Notes pour une revue de jeunes, par Cristina Campo

Crédits photographiques : Rémy de la Mauvinière (AP Photo).

Jean-Baptiste Para, patron de la revue Europe, m'a autorisé à publier un texte de Cristina Campo traduit par ses soins et paru en complément d'une de ses interventions recueillie dans Simone Weil et le poétique (colloque international dirigé par Jérôme Thélot, Jean-Michel Le Lannou et Enikö Sepsi, Les Cahiers de Marge, n° 4, Kimé, 2007).



Ces notes, écrites par Cristina Campo et contresignées par Remo Fasani, ont été publiées en 1956 dans la revue Stagione. Elles constituent la feuille de route d’une revue qui aurait dû s’appeler L’Attenzione, mais qui ne put voir le jour. Ces notes placent assez clairement le projet sous le double signe de Hugo von Hofmannsthal et de Simone Weil.
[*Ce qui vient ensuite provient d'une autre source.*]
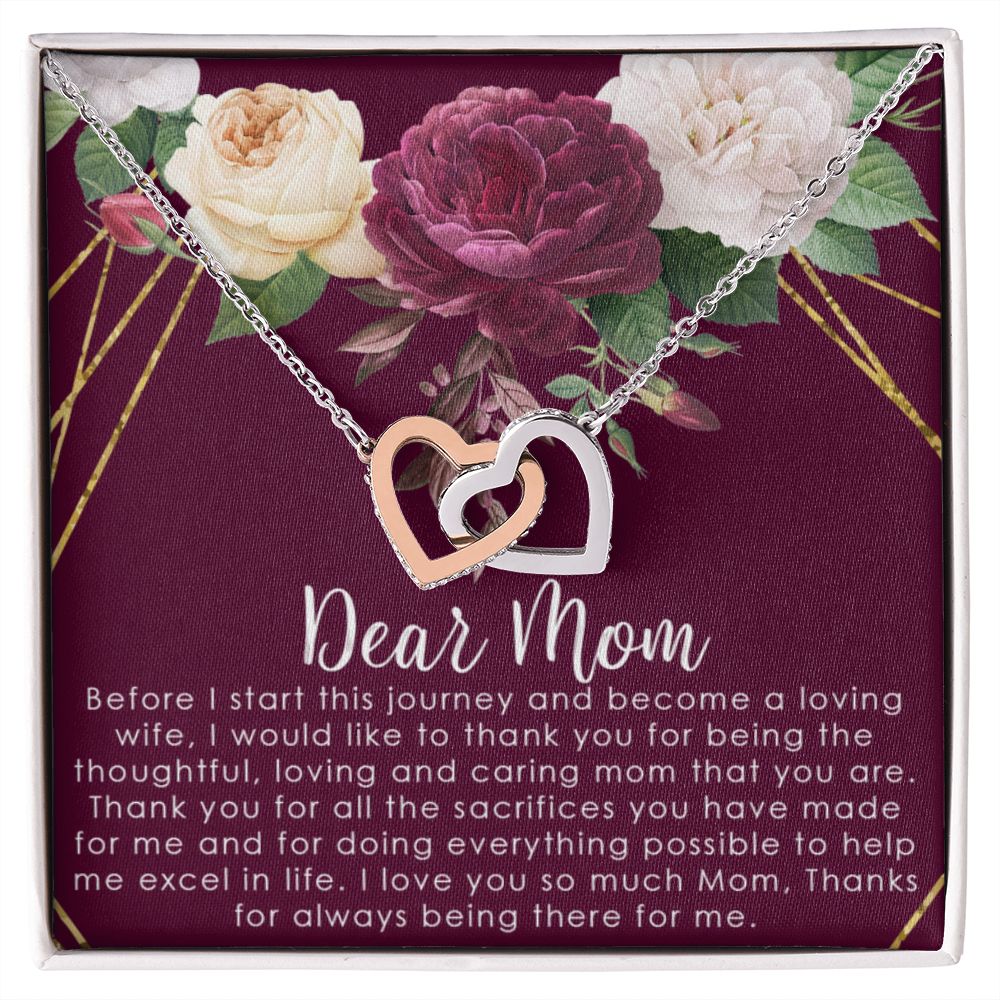 To My Mom Necklace, Gift For Mom, Mother's Day Gift from Daughter, Mom Jewelry Gift for Mothers Day, Birthday Gift for Mother, Moms Gift from Daughter Son, Necklace for Mom Mother2 Interlocking Hearts Necklace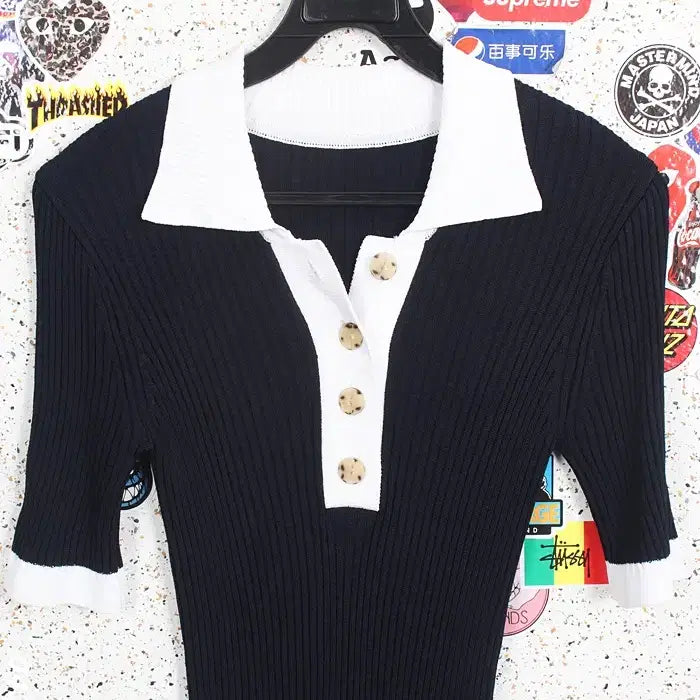 [BUNJANG] Viki Ribbed Stretch Short-Sleeve Knit Top / 여성55/ viki 골지 스판 반팔니트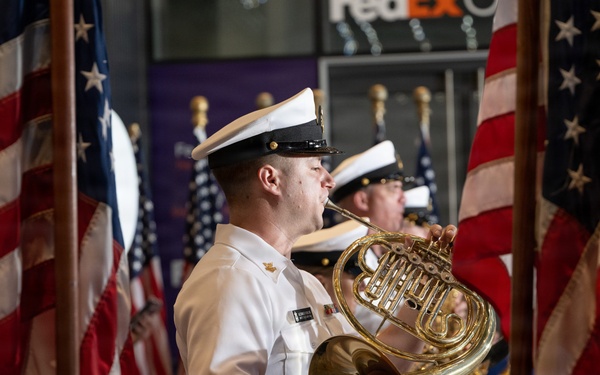 The U.S. Navy Ceremonial Band performs at Fox and Friends morning show
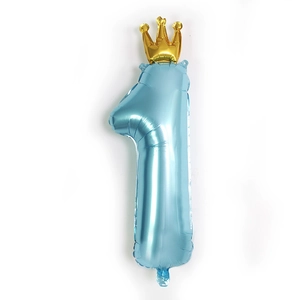 36-inch light blue number 1 foil balloon with a golden crown for baby's first birthday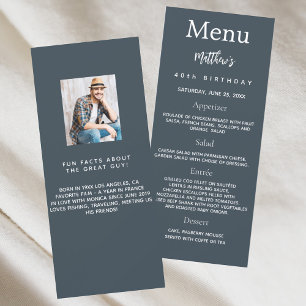 Charcoal grey photo fun facts birthday menu card
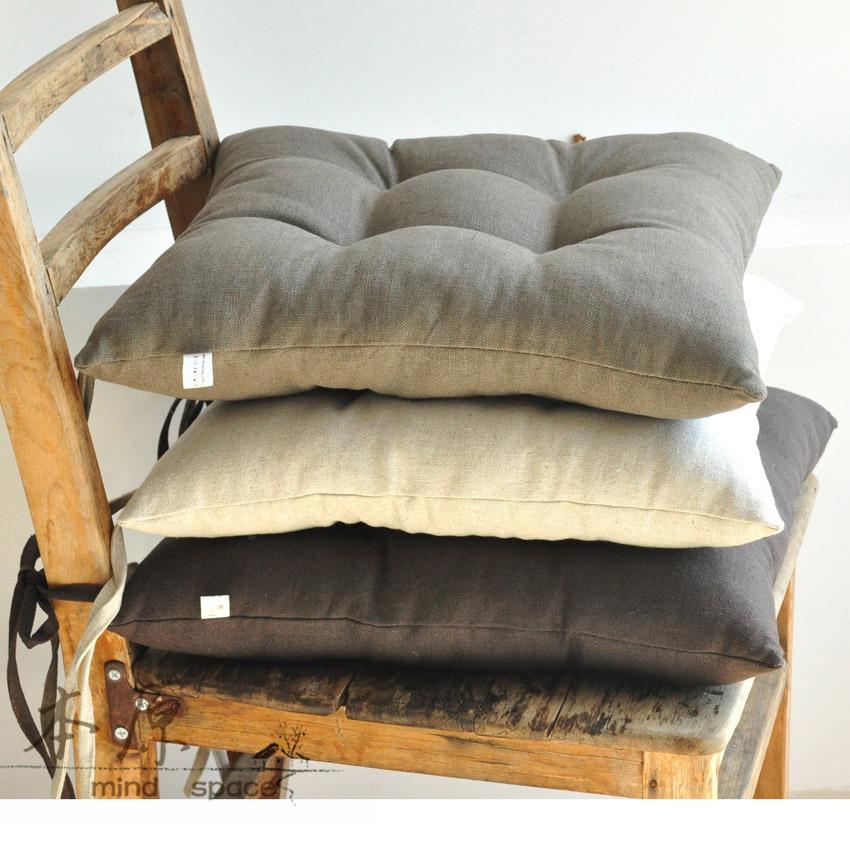 原创亚麻布艺坐垫椅子垫沙发垫餐椅垫加厚冬季田园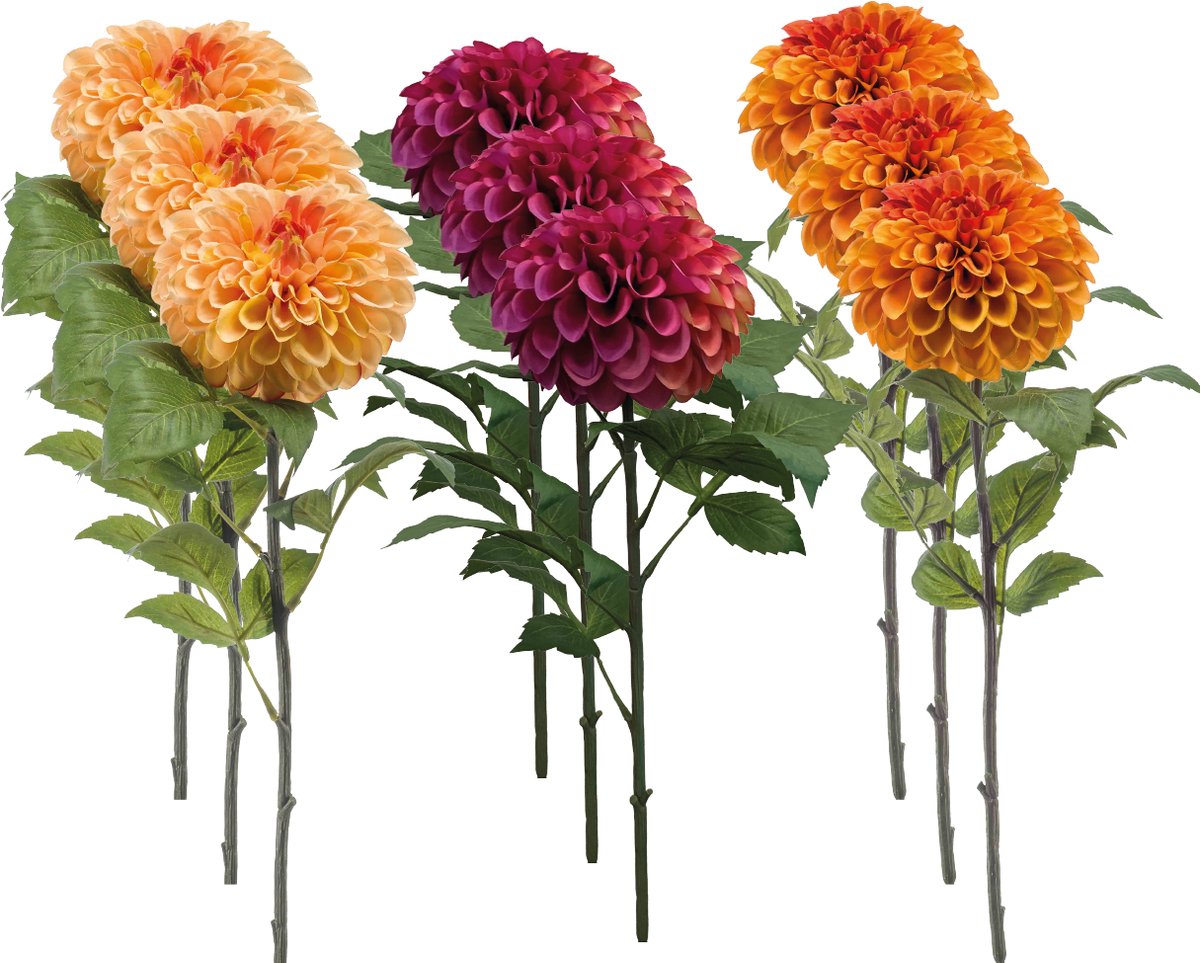 Emerald - Kunstbloem Dahlia Pompon 74cm - Set van 9 - Kunstplant voor binnen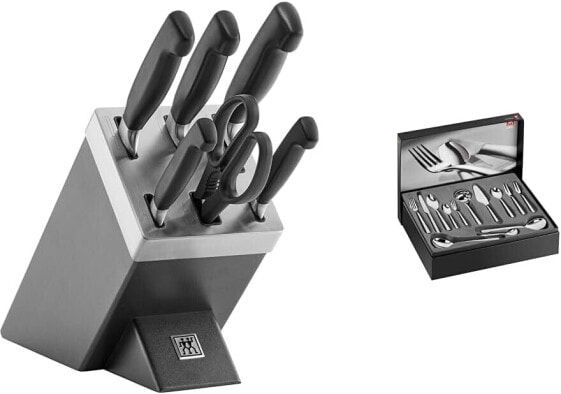 ZWILLING Four Star Self-Sharpening Knife Block, 7-Piece & Newcastle Cutlery Set, 60 Pieces, For 12 People, 18/10 Stainless Steel/High Quality Blade Steel, Polished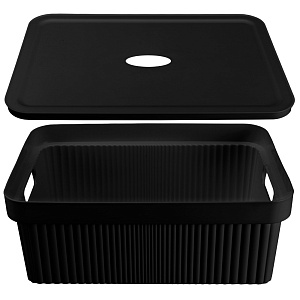 Ящик 13л 38х27х14,4см ECONOVA VELVET черный пластик 000000000001223396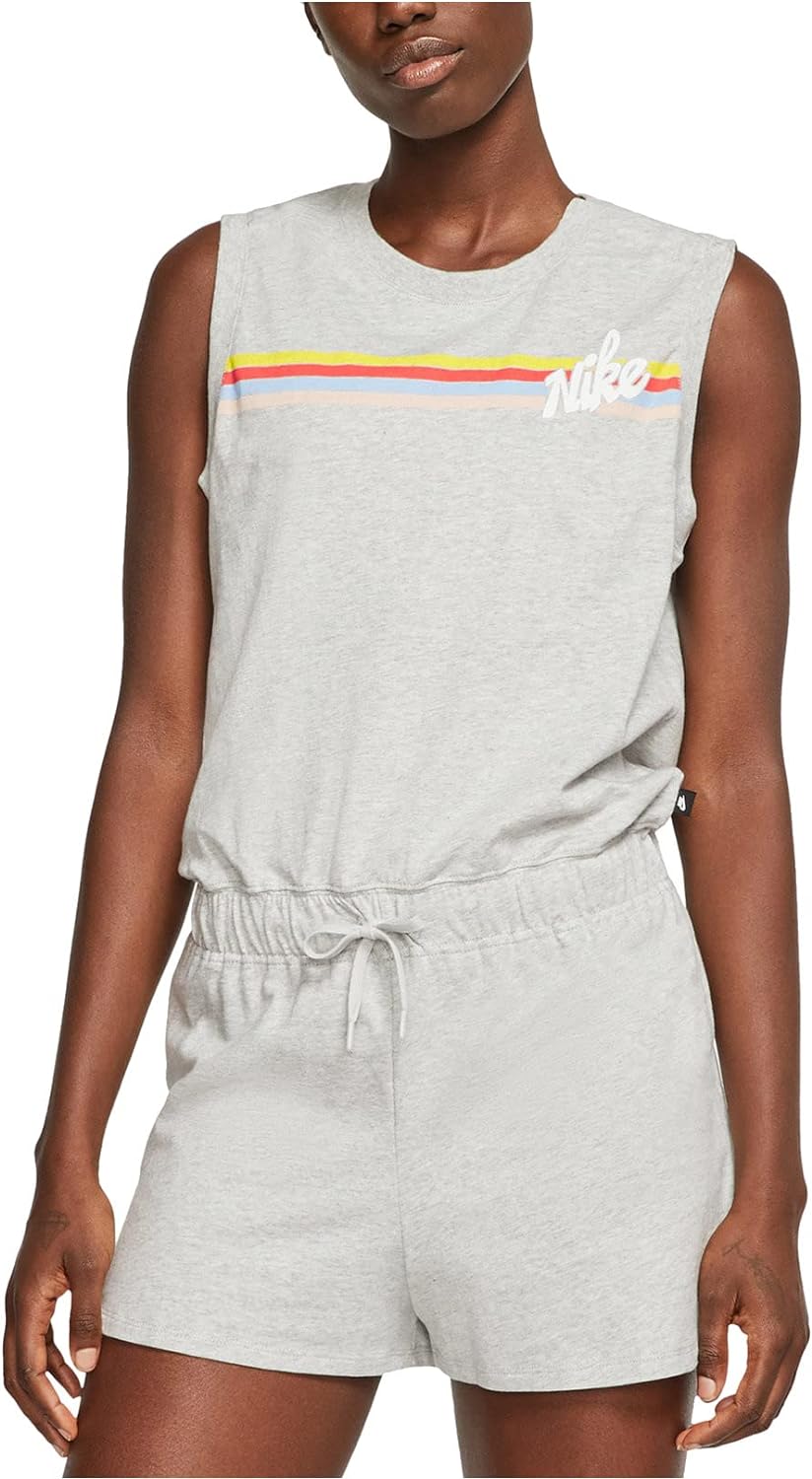 Nike NSW Print Romper Graphic Grey Heather/Night Silver/White Womens Jumpsuit XS
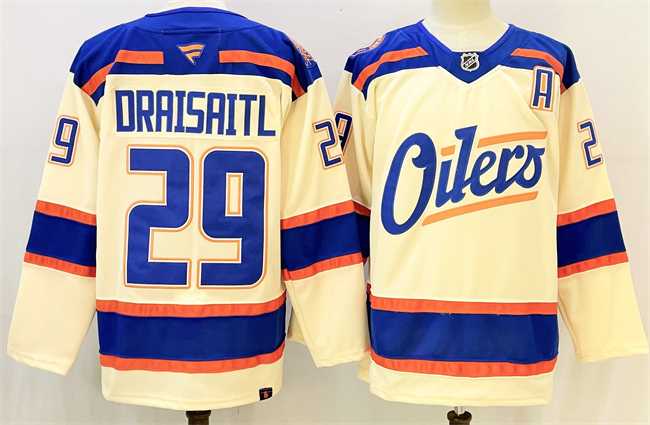 Mens Edmonton Oilers #29 Leon Draisaitl Light Beige Alternate With A Patch Stitched Hockey Jersey->->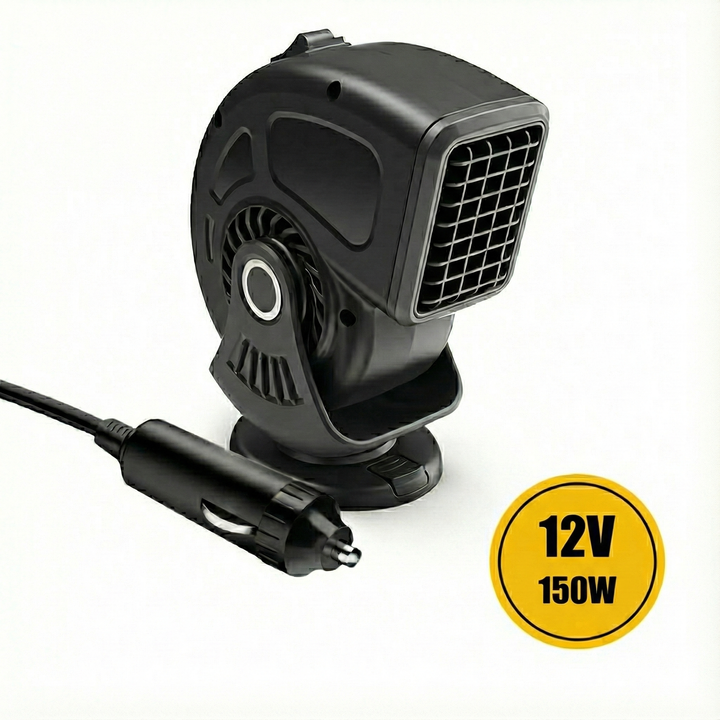 Rear view of the 12V auto accessory, showing air vents for efficient heating and defrosting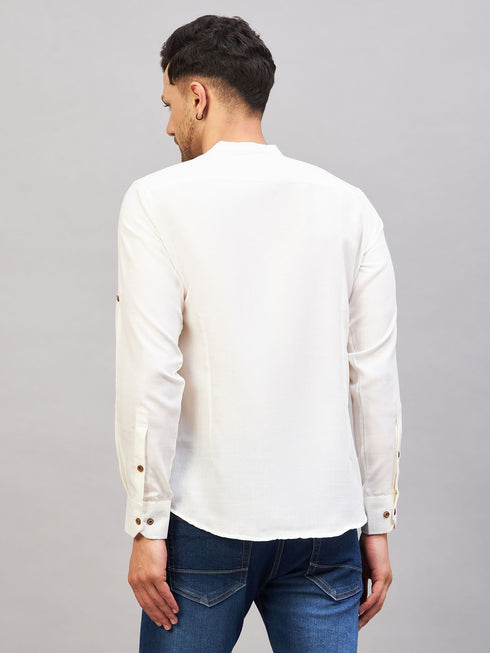 Men's Cream Short Cotton Kurta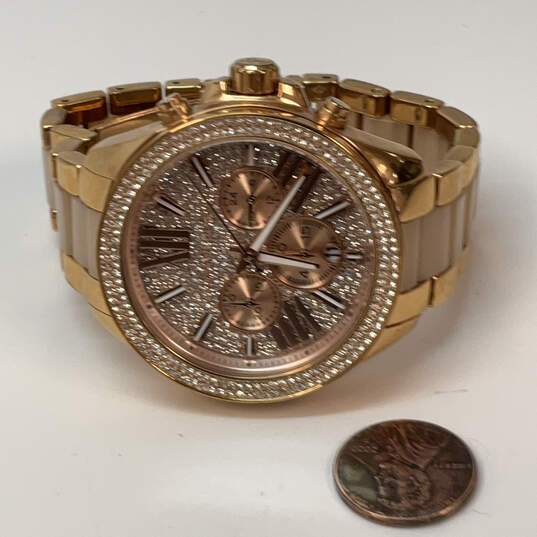 Designer Michael Kors MK-6096 Gold-Tone Rhinestone Analog Wristwatch image number 2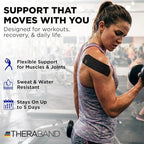 THERABAND Kinesiology Tape, Waterproof Physio Tape for Muscle & Joint Support, Standard Roll with XactStretch Application Indicators, 2 Inch x 16.4 Foot Roll, Black/Gray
Vie et non pas ombre de vie. «Le concept d’actualité considéré comme inexistant», selon la formule de Hofmannsthal. Et que dans un lieu où comme d’habitude la ligne droite est lancée dans l’infini, la forme recherchée soit le cercle. Reconduire à la totalité du temps, au rythme cyclique du temps, un public aveuglément perdu sur cette droite.
Le concept d’actualité remplacé par le concept de présence, avec toutes les responsabilités qu’il implique. Présence signifie attention, unique voie pour réaliser et se réaliser. Mot discret qui en implique d’autres ; tous ceux, peut-être, qui conservent une signification.
Lecture attentive de la réalité et de l’art. Donc lecture totale, sur des plans multiples : lecture poétique, humaine, spirituelle, religieuse et symbolique. Qui lie le temps au temps, l’esprit à l’esprit, qui crée des rapports, révèle des analogies.
Vie et non pas ombre de vie. Animation de textes anciens ou déjà connus, originaires de tous pays. Retour à une culture vivante, qui ne sauve de notre temps que ce qui est vivant — c’est-à-dire valable et exemplaire — en passant outre les valeurs conventionnelles d’une époque et d’un milieu.
La jeunesse comme instance morale. Avec tous ses terribles devoirs, avec son droit sans appel à ne pas être fourvoyée.
Attention appliquée au monde au sein duquel évolue cette jeunesse. Sans redouter d’en reconnaître l’effroyable désastre (un mot d’esprit de Moravia en donne la mesure : «Le seul personnage historique qui se trouverait à l’aise dans notre temps, c’est l’homme des cavernes»). Tranquille opposition à l’esprit de ce temps, au fétichisme du «phénomène historique», de la «valeur documentaire», des «exigences des mœurs», des «cas de figure». Mais recherche assidue et passionnée de ce qui dans ce temps est vie et non pas ombre de vie : selon la norme la plus élevée des valeurs humaines, spirituelles et formelles.
Un discours, par conséquent, qui soit dans le temps et hors du temps. Dans chaque livraison, ce que l’on pourrait qualifier d’«étoile polaire» : lettre, témoignage, fragment, poème, peu importe de quelle époque mais parfait, qui représente comme dans une image ce que l’on cherche à exprimer. Dans chaque livraison, le même propos, répété par des voix diverses et disparates, en des époques diverses et disparates.
Recherche d’une forme cristalline, que ce soit dans les textes cités ou dans les contributions nouvelles : une forme qui se tienne à distance du spécialisme des variantes, de la psychologie, du réalisme documentaire et de l’imagination gratuite (Cahiers du Sud sur Homère, Focus Three sur Eliot). Première tentative d’attention intégrale avec une probité absolue du langage, et notamment du langage critique.
Une rubrique dans laquelle sera signalé tout ce qui aura surgi de vivant, au cours du mois écoulé, dans les revues italiennes et étrangères, même s’il s’agit de quatre vers ou de dix lignes de prose, et peu importe qui les a écrites ou imprimées. Le «jeu des nouveautés» considéré comme inexistant. Attention extrême accordée aux livres peu lus, au-delà même des ouvrages littéraires.